Arrangements were made for the applicant to meet one Anderson Gwede of Crossborder Freight Services Beitbridge.  When applicant was at Beitbridge Anderson supplied him with a vodafone line which he was going to use whilst in South Africa to contact him.

          While at the border his vehicle went through a scanning machine which detected the cartons of cigarettes leading to the arrest of the applicant.  The cartons contained a total of 75 000 x 20 packets which were valued at $2.2 billion dollars.  All this is common cause.

          The foregoing reveals that the crime was carefully planned.  It also exhibits the applicant's criminal resolve.  He went as far as offloading a load of 24 tonnes in order to conceal the cartons of cigarettes.

          The crime of smuggling is serious and prevalent.  Incasu the crime was fortuitously discovered but the potential prejudice to the fiscus was enormous.

          Although the appellant did not benefit from the crime the trial magistrate still held the view that the crime was still serious.  The court observed the then offence was well organised and pre-planned which in the court's view aggravated the offence.

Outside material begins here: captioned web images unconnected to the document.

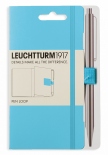 Держатель для ручки Leuchtturm1917 (ледяной синий)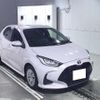 toyota yaris 2020 -TOYOTA 【大阪 504ﾁ1804】--Yaris MXPH10-2012118---TOYOTA 【大阪 504ﾁ1804】--Yaris MXPH10-2012118- image 1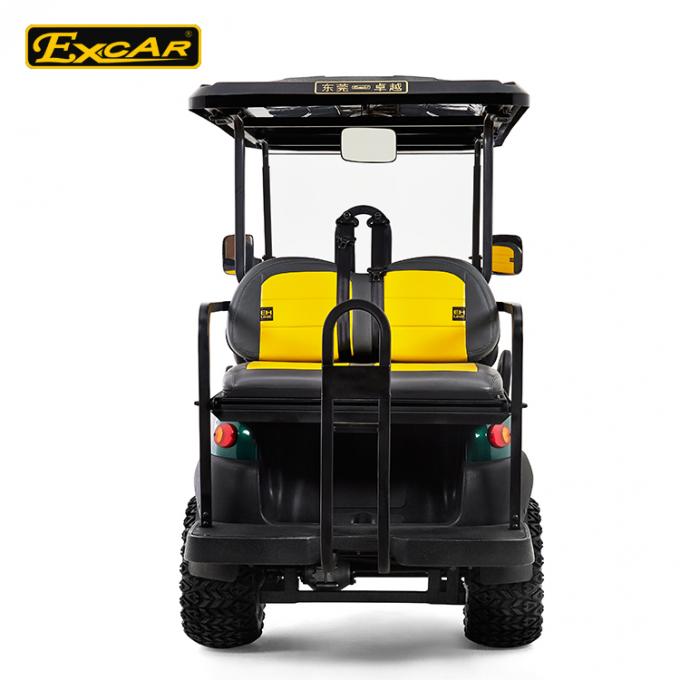electric hunting tricycle
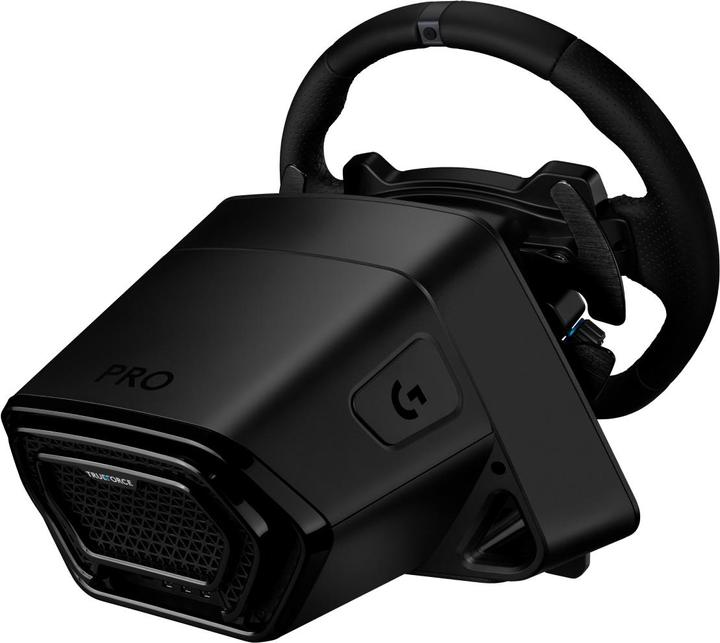 Produktbild Logitech G Pro Racing Wheel (PS5, PC, PS4)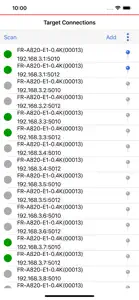 FR Configurator Mobile screenshot #5 for iPhone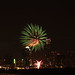 July 4th fireworks austin 2012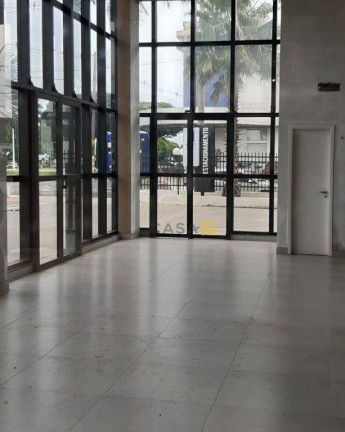 Imagem Sala Comercial para Alugar, 158 m² em Vila Belvedere - Americana Imagem Sala Comercial para Alugar, 158 m² em Vila Belvedere - Americana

The court also observed that the appellant's share was going to be R150 000 which translated $43 500 000 which was a lot of money at that time.  It was the court's further observation that the appellant had been employed for 3 years, hence what he did was actuated by greed rather than need.

          The learned magistrate was alive to the fact that the act provided for a penalty of both imprisonment for a period not exceeding 7 years and a fine.  Further, the learned magistrate was alive to the fact that terms of imprisonment should be reserved for bad cases but arrived at a finding that this case was also a bad one as it involved careful planning by a group of people.  The value of the property was also substantial.  In the result the court felt that a fine was not an appropriate form of punishment in the circumstances and so was community service due to the gravity of the offence.  The court stated that these other forms of punishment would send a wrong message to members of the public.

          The trial magistrate also carefully took into account the plea of guilty.  He said due to the gravity of the offence he would start with a sentence of 5 years imprisonment but because the appellant pleaded guilty and cooperated the court then decided to reduce the sentence to 3 years imprisonment with one year's imprisonment being suspended on the customary conditions of future good behaviour.

          It seems to me that the learned trial magistrate's approach to sentence is unassailable.  In my view he exercised his judicial discretion properly.  In fact no misdirection by the trial court was alleged by the appellant.  The appeal courts have repeatedly emphasised that unless there is a misdirection by the trial court an appeal court cannot interfere with the discretion of a trial court exercised properly just because it feels it would have imposed a somewhat different sentence if it had been sitting as the trial court.

          The trial magistrate imposed a sentence which is within the penalty stipulated in terms of section 206(2)(d) of the Customs and Excise Act [Chapter 23:02].

          In the light of the foregoing it seems to me that there are no prospects of success on appeal in this matter.  I would therefore dismiss the application for leave to appeal.

 

 

 

 

 

 

 

 

Byron Venturas & Partners, applicant's legal practitioners.

Attorney-General's Office,respondent's legal practitioners.